Desorption studies can help for elucidating the mechanism of an adsorption process [11, 32, 33]. If the MB adsorbed onto the PAA-g-AG hydrogel can be desorbed by water, it can be concluded that the attachment of the dye onto the adsorbent is by weak bonds. If the strong acids, such as a buffer of pH 1, can desorb the dye, it can be concluded that the attachment of the dye onto the adsorbent is by ion exchange or electrostatic attraction. Therefore, the buffer aqueous solution with different pH 1, 2, 3, and 6 was used in the test; the effect of different buffers of pH on desorption capacity of MB by the PAA-g-AG hydrogel is shown in Fig. 9b.
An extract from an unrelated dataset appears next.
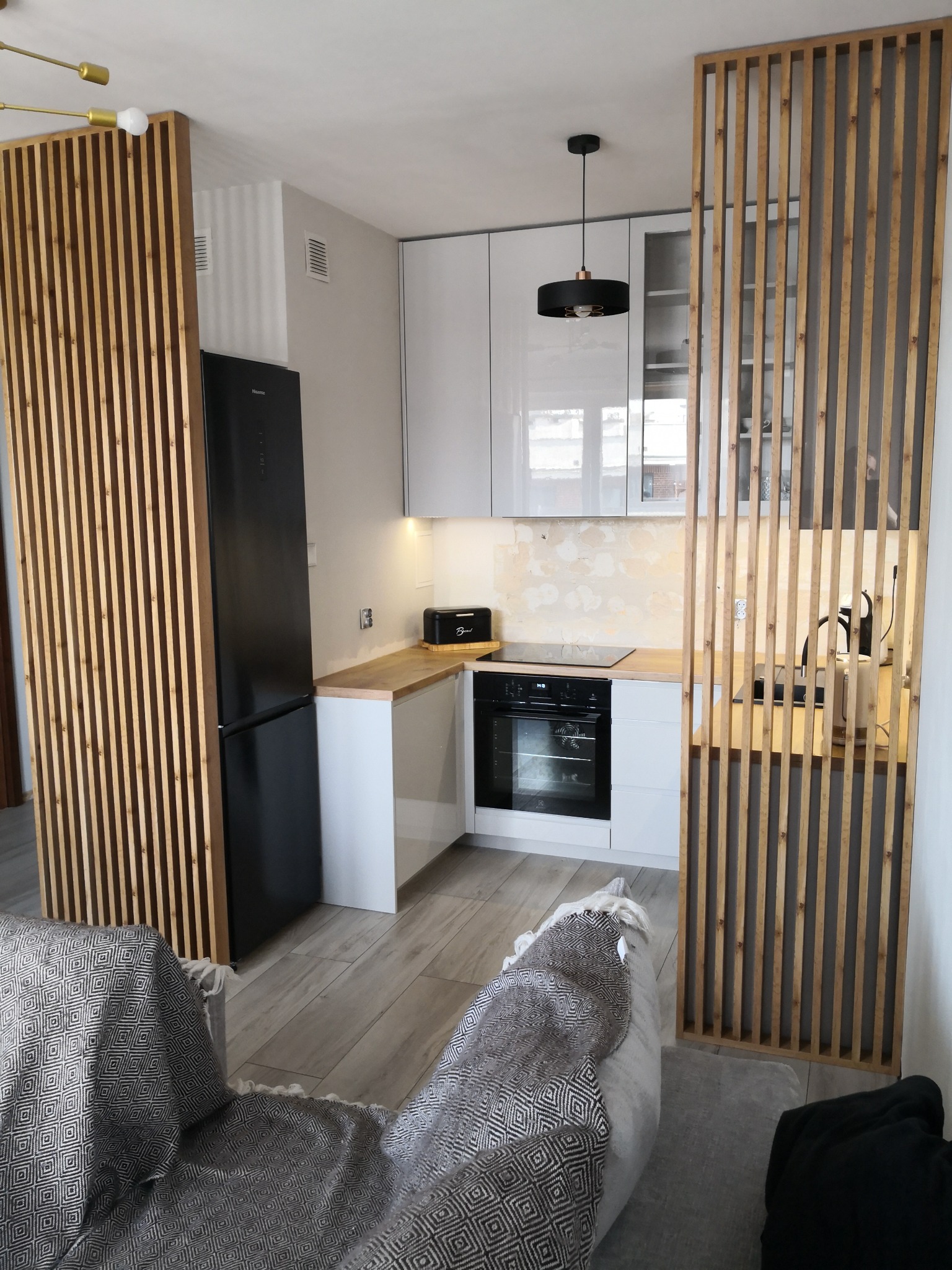 Nowoczesna kuchnia z białymi szafkami, drewnianym blatem i ażurową ścianką działową z drewnianych listew, widok z perspektywy sofy z wzorzystą narzutą.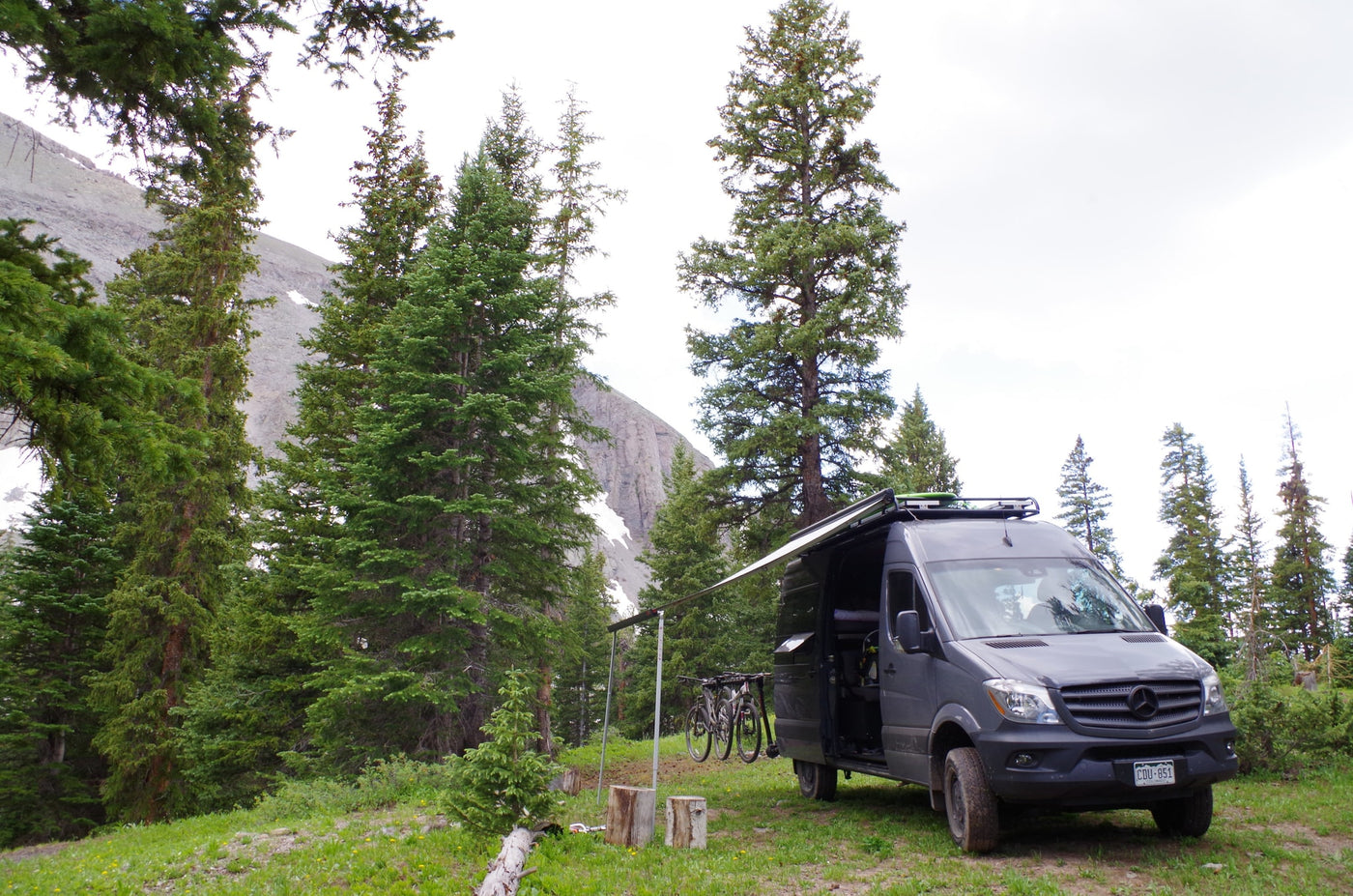 An RV rental, a grey Mercedes Sprinter van, is set up with an awning & bikes in a mountain forest campsite. — photo 10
The results indicate that the desorption percentage (Des.%) increases from 25 to 80% with increasing of pH from 6.0 to 1.0, indicating that high acid concentration facilitates the desorption of MB from PAA-g-AG hydrogel. The relatively high desorption amount at pH 1 suggests that adsorption of MB onto PAA-g-AG hydrogel was carried out partially via electrostatic attraction, and was in accordance with the previous discussion of the effect of pH. The results also indicate that the hydrogel can be regenerated and reused after MB dye adsorption despite almost 25% dye remaining in the adsorbent in the case of pH 2.

Conclusion

In the present study, PAA was successfully grafted onto Acacia gum in air using a two-component photoinitiator system (ERY-TU) under visible-light irradiation. This method provides an easy procedure to incorporate a high percentage of PAA onto Acacia gum (310%) using a simple and low-cost technique. The prepared PAA-g-AG hydrogel showed a super-absorbent capacity of water (can absorb up to 50 times of its weight) indicating that hydrogel can be used in water saving materials. In addition, PAA-g-AG hydrogel showed a high efficiency for removing the cationic MB dye as it could absorb 99% of 400 mg/l of the initial dye solution indicating that hydrogel can be used as an ecofriendly material for removing of waste pollutants.